▶ Exercise goal: Nothing in the records below should be altered in the copy, although the pictures must be left out.

_ _ _ _ _ _ _

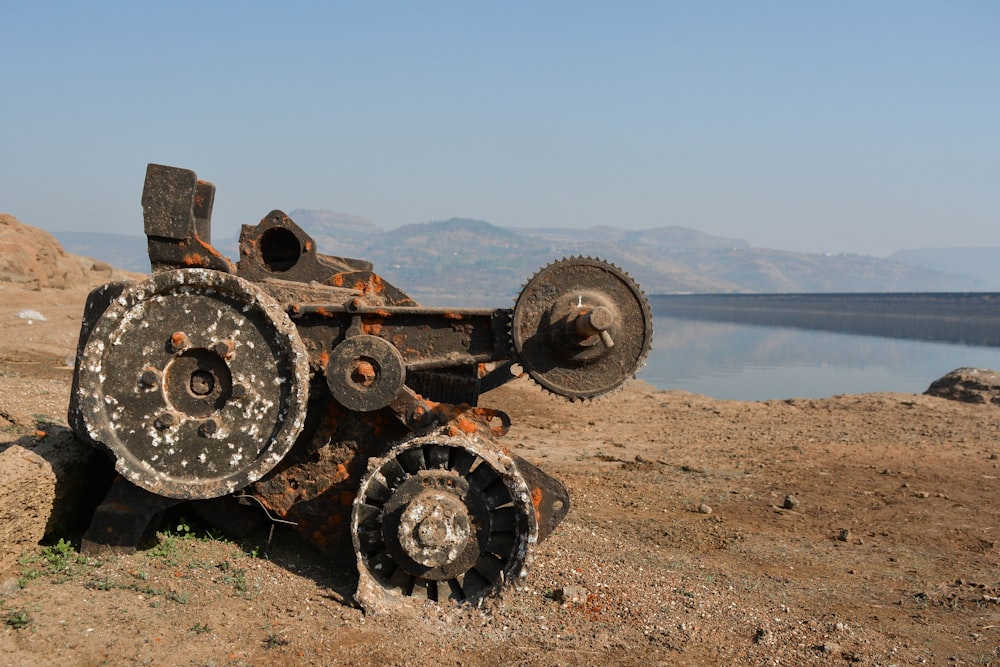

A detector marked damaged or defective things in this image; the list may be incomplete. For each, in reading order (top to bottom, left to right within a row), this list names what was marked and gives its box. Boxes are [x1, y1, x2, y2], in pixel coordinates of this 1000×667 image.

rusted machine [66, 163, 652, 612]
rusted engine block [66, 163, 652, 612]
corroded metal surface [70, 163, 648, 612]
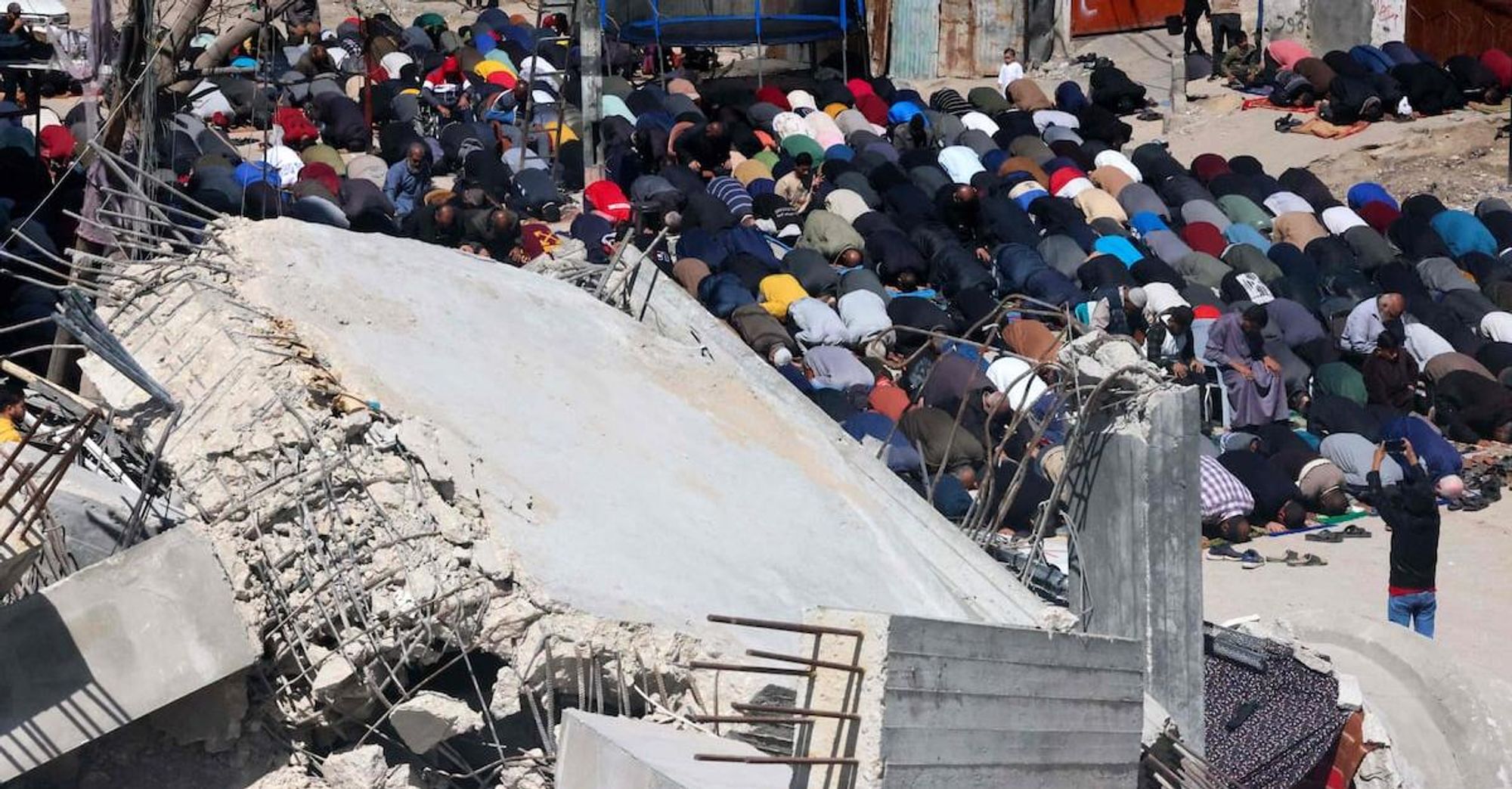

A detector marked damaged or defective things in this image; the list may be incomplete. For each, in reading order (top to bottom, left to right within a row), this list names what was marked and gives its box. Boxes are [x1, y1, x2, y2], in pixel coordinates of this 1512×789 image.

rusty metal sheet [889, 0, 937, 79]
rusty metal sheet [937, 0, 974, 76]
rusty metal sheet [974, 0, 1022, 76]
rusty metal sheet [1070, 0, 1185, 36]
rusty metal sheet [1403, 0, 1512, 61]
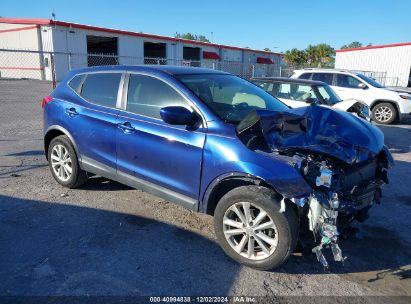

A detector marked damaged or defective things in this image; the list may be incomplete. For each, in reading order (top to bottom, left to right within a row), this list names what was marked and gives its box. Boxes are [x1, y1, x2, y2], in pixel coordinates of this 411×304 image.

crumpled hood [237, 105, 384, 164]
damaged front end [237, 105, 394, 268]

_ _ _ _ _ _ _

▶ Solved exercise:
A detector marked damaged or defective things in this image; the list may be incomplete. For each, in reading order (top to bottom, left to right within a row), this list names what was marked and gives its box. Boxes are [x1, y1, x2, y2], in pixel coordinates of this 1000×667 image.

rusted machine [66, 163, 652, 612]
rusted engine block [66, 163, 652, 612]
corroded metal surface [70, 163, 648, 612]

A detector marked damaged or defective things in this image; the list may be incomplete. For each, in reading order (top to bottom, left to right within a row), this list names what was marked and gives its box. Boxes are [x1, y1, x2, y2], in pixel coordinates of this 1512×789 image.

rusty metal sheet [889, 0, 937, 79]
rusty metal sheet [937, 0, 974, 76]
rusty metal sheet [974, 0, 1022, 76]
rusty metal sheet [1070, 0, 1185, 36]
rusty metal sheet [1403, 0, 1512, 61]

A detector marked damaged or defective things in this image; the list may be incomplete. For each, in reading order (top to bottom, left to right within a row), this list names what was marked and gives its box. Boxes are [x1, y1, x2, y2], in pixel coordinates of this 411×304 image.

crumpled hood [237, 105, 384, 164]
damaged front end [237, 105, 394, 268]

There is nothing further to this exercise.